We come together at a dark time of the year
A time when days are short and nights are long
A time also when we may fear a fading of the light of liberty, the light of justice, and the light of love
Let us remember that our strength arises from a great light within
A light of goodness discerned and bolstered by the use of reason
May this time of darkness bring a new, brighter time
Let your light shine
Let our work and our words rekindle the beacons of liberty, justice, and love

Reading: Richard Price, from ‘Britain's Happiness, and the proper improvement of it’ (at Newington Green, Nov 29th 1759)

[I]t is, I think, our duty, as private men, to do what we can towards removing those offences which dishonour our country, by declaring our sentiments about them, on all proper occasions, with modesty and humility; by never complying in any instance contrary to our sentiments; and giving as far as possible, a publick testimony in favour of universal liberty and the simplicity of the Gospel. As long as wise men will not do this, or indulge timidity and indolence, it is certain, that corruptions must continue, and that no alterations or improvements can ever be expected.

Message (part 1) - by Rev. Andy Pakula

These words of Richard Price are very clear. It is our duty to speak out and to work to change what is wrong in our world. When Price spoke of offences that dishonour our country, he meant that not in the sense of patriotism or its more virulent form, nationalism. He meant that the honour of our country depends on it being a paragon of liberty and virtue and that we must speak out whenever it has not lived up to this ideal.

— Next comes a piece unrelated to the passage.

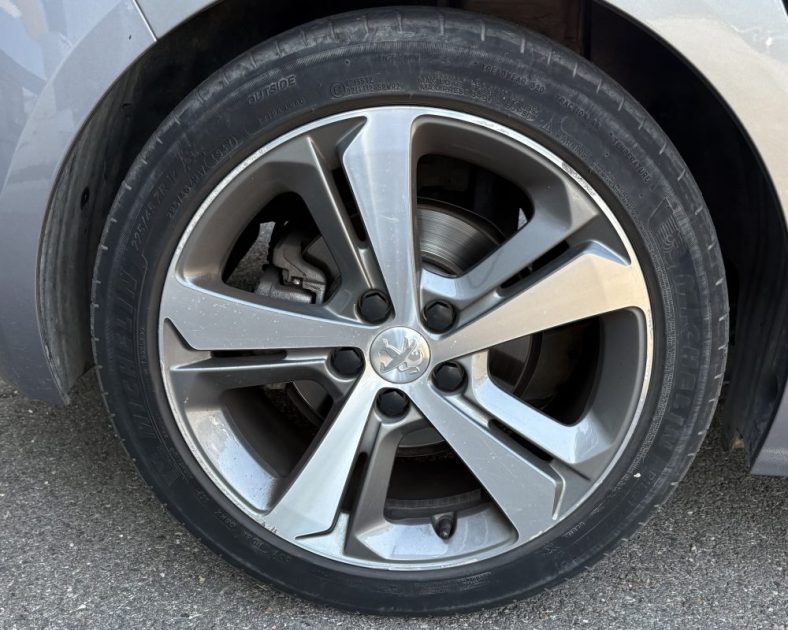 Peugeot 308 II 1.2 PureTech 130 GT Line EAT8 2020 — Caméra de recul - GARANTIE 6 MOIS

This was Richard Price, 18th century minister in this Meeting House. The man who would influence the fathers of the American Revolution, the revolutionaries in France, and leaders here in Britain as well as transform the life insurance industry, advise national economies, and co-create mathematics that today helps analyse drug testing and create useful spam filters. He also inspired Mary Wollstonecraft to her position on women’s rights leading her to write her pioneering work, A Vindication of the Rights of Woman.

Who was this amazing man? What underlay his remarkable contributions?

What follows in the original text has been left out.